# iwav0181e parsing error



## Tobi (29. Apr 2009)

Hallo zusammen, 


ich habe jetzt bereits zum zweiten Mal aus heiterem Himmel Probleme mit Eclipse und des Visual Editor.

Dies ist die Fehlermeldung: iwav0181e parsing error

Wie gesagt, das kommt von einem auf den anderen Tag. 

Das letzte Mal habe ich eclipse dann neu drauf gemacht, dann ging es wieder. Aber das ist ja auch nervig. 

Hat jemand von euch eine Idee, an was das liegen könnte?


----------



## Wildcard (29. Apr 2009)

welche Version denn? Vielleicht hilft ein Update...
Bei einer bestimmten Datei, oder ein grundsätzliches Problem?


----------



## Tobi (29. Apr 2009)

Also es ist Eclipse 3.4 und die Version des VE ist keine offiziell unterstützte. Mir ist auch bewußt, dass das zu Fehlern führen kann. 

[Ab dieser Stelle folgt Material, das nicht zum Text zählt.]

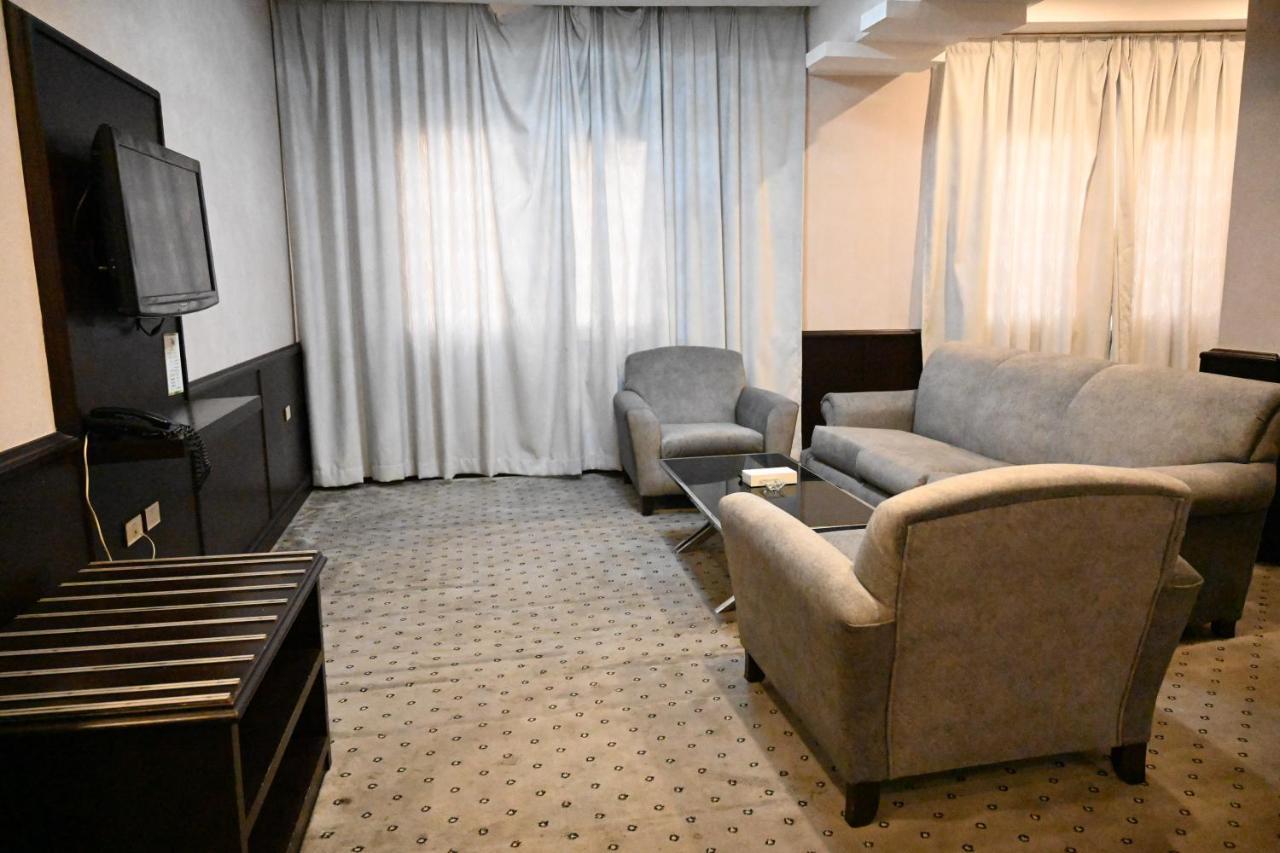 Al Dawhatin Furnished Units Djeddah
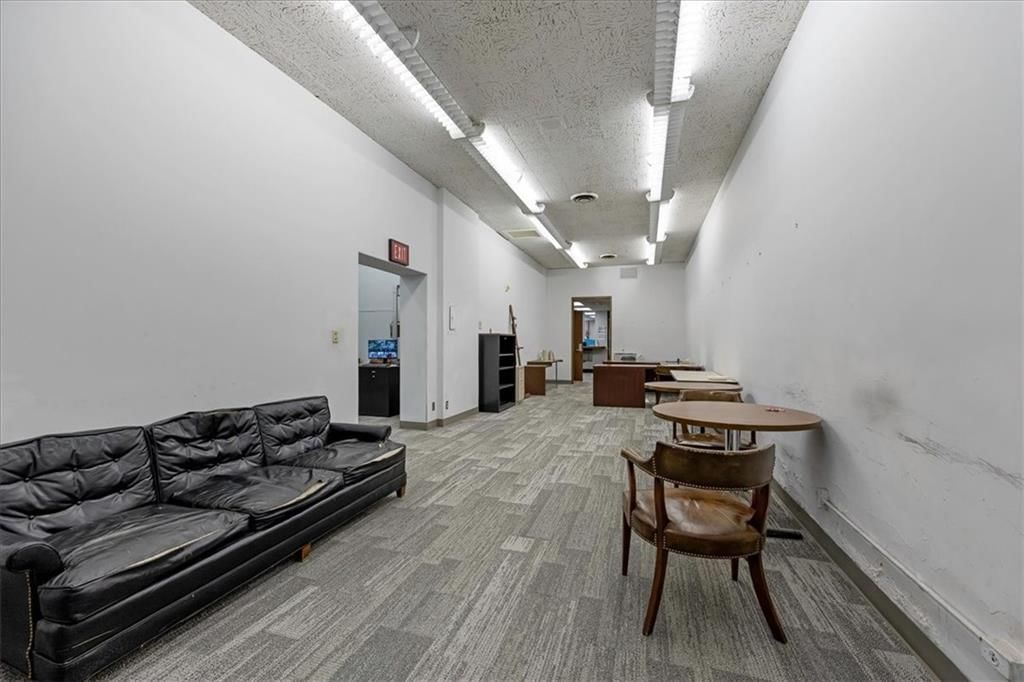 6100 Troost Avenue — photo 16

Es ist ein grundsätzliches Problem. Ich habe auch gelesen, dass es am Code hängen kann, wenn der VE den Code nicht mehr richtig Parsen kann. 

Hab jetzt aber kurzerhand mein Eclipse neu eingespielt und siehe da, es funktioniert wieder.
Nur ist es halt so, dass ich dann nächste Woche wahrscheinlich wieder plötzlich das selbe Problem habe.


----------